North American Network Operators Group

Date Prev | Date Next | Date Index | Thread Index | Author Index | Historical

Re: Followup British Telecom outage reason

  • From: Sean Donelan
  • Date: Sat Nov 24 14:17:21 2001

On Sat, 24 Nov 2001, Neil J. McRae wrote:
> I'd be surprised if it was the GSR, and in anycase that doesn't
> absolve anyone. If it was a software issue- why wasn't the software
> properly tested? Why was such a critical upgrade rolled out across
> the entire network at the same time? It doesn't add up.
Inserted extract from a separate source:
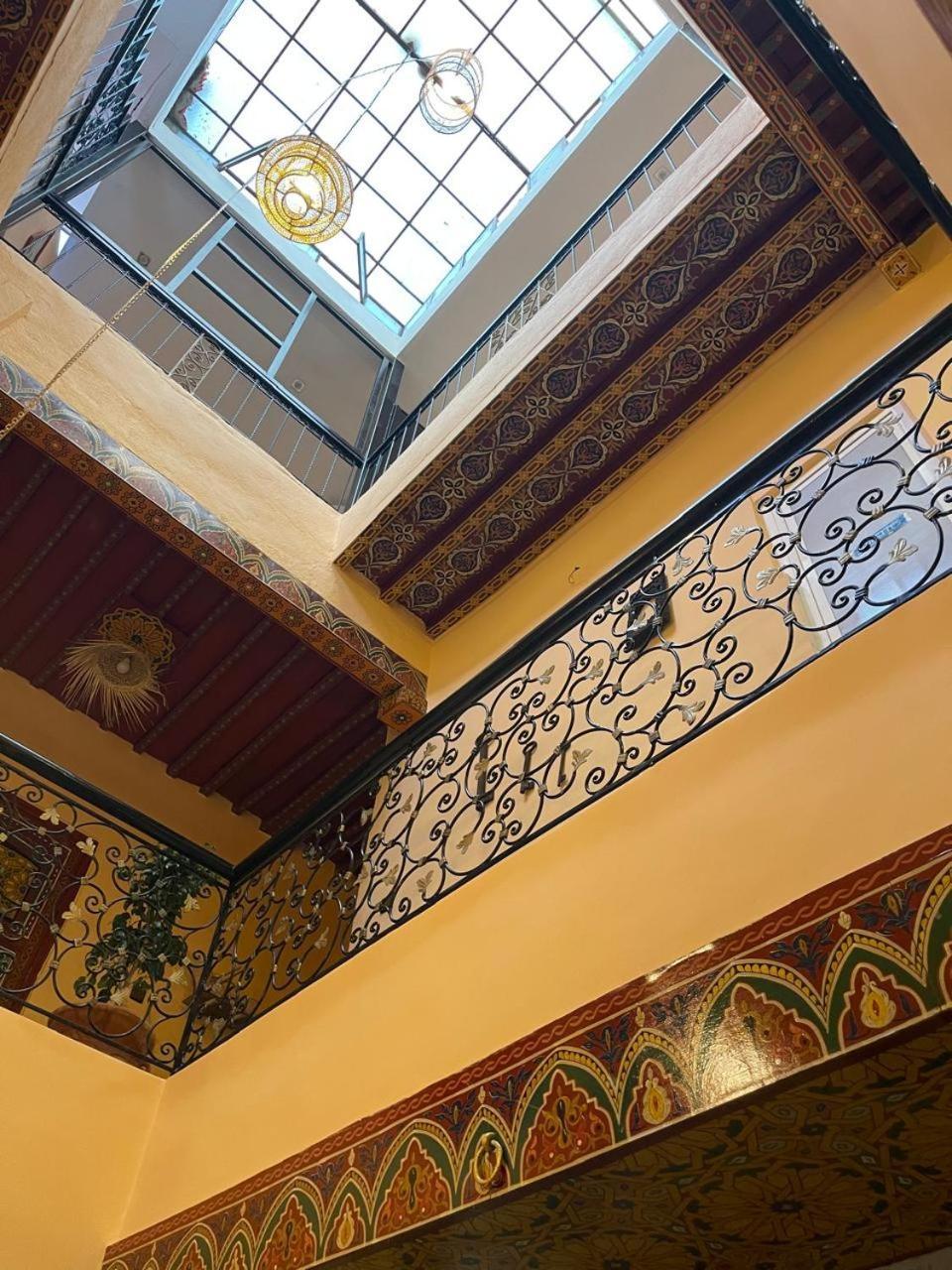 Downtown Hostel Фес Экстерьер фото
It appears to be yet another CEF bug.  If you want to use a GSR
you are stuck using some version of IOS with a CEF bug.  The
question is which bug do you want.  Each version of IOS has
a slightly different set.  Several US network providers have also
been bitten by CEF bugs too.

While trying to fix one set of bugs, BT upgraded of their network.
I'm not sure if they were upgrading at 9am in the morning, or had
upgraded earlier and the bug finally came out under load at 9am.
When the BT network melted down, Cisco suggested installing a
different version of IOS, which had previously been tested.  At
noon, BT found the new version had an even worse bug, sending packets
out the wrong interface.  It was until 2200 (13 hours later), BT and
Cisco found a version of IOS which stablized the network.  "Stablized"
not fixed.  The running version of IOS still has a bug, but it isn't
as severe.